** Stored data **

***

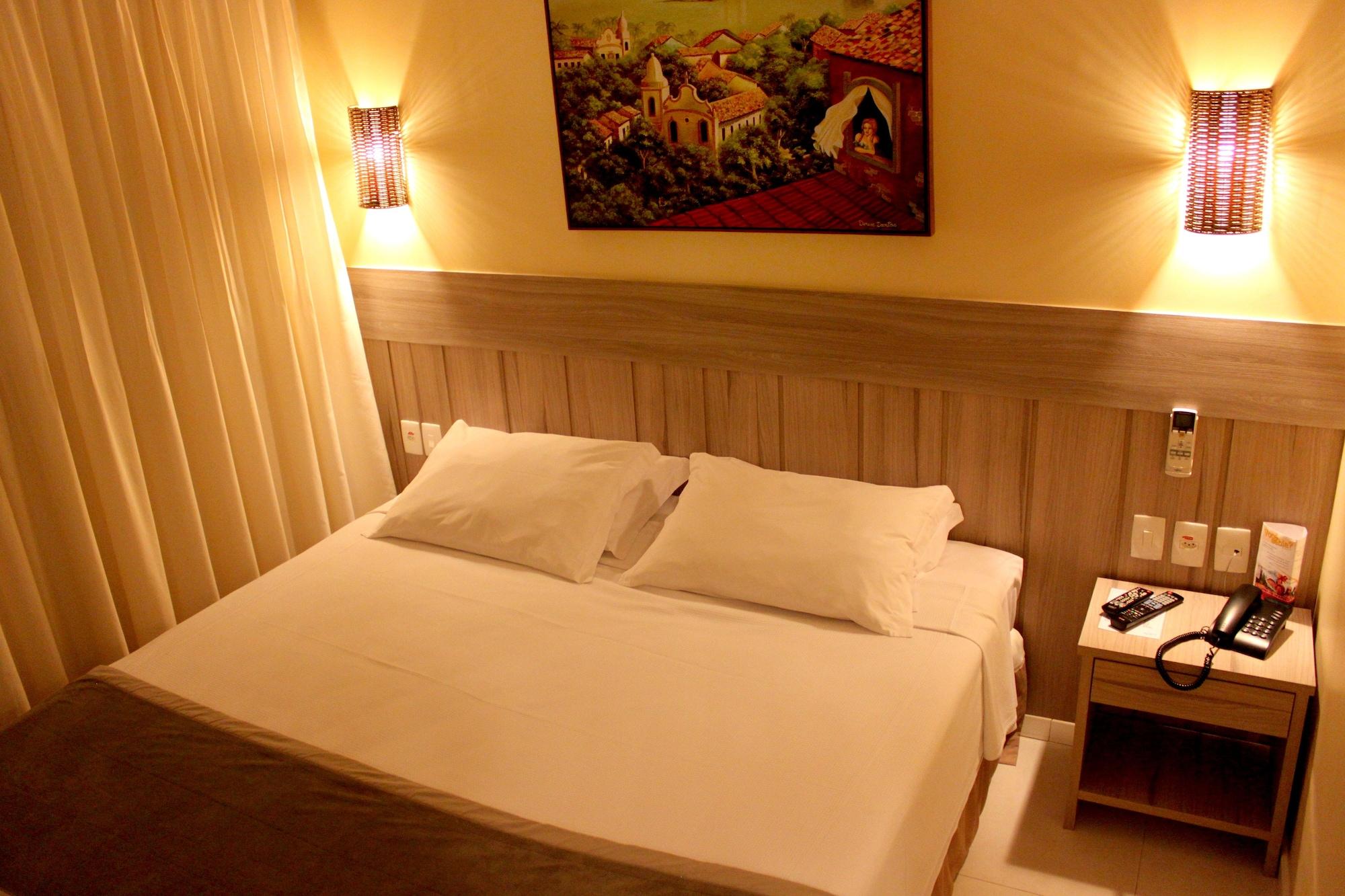 ז'אבואטו דוס גוארראפס Hotel Anahi מראה חיצוני תמונה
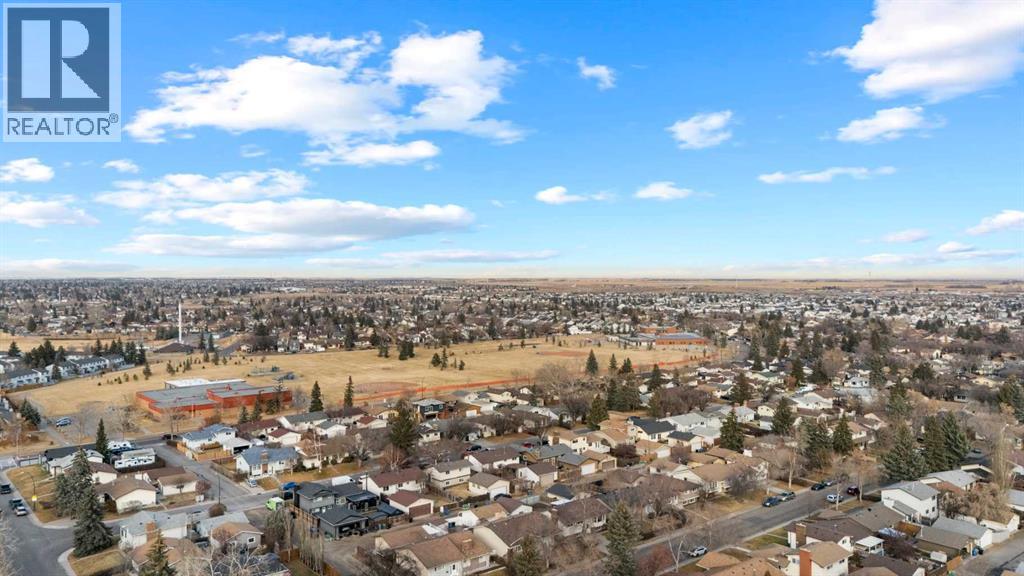 Single Family House Bi-level for Sale in  Templeview Way NE Temple Calgary 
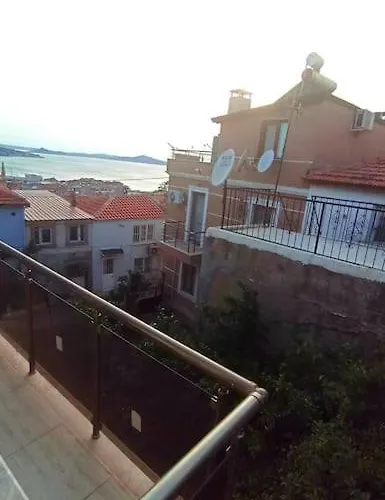 Deniz Manzaralı Müstakil Ev Aybalik * Ayvalı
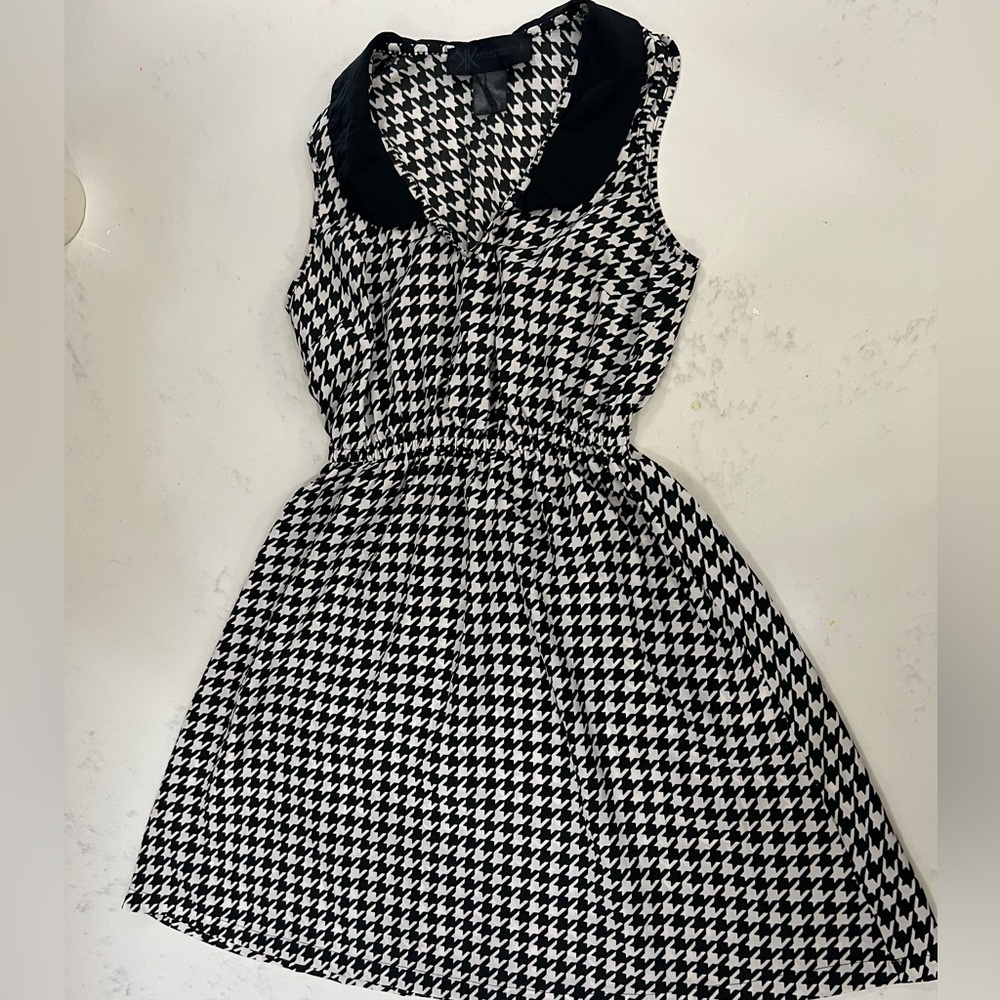 Kardashian Kollection Black and White Sheath Mini Dress - Picture 3 of 11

***

** Required action **
Output the listing above in full, exactly. No images.

** Answer to the problem **
 ז'אבואטו דוס גוארראפס Hotel Anahi מראה חיצוני תמונה
 Single Family House Bi-level for Sale in  Templeview Way NE Temple Calgary 
 Deniz Manzaralı Müstakil Ev Aybalik * Ayvalı
 Kardashian Kollection Black and White Sheath Mini Dress - Picture 3 of 11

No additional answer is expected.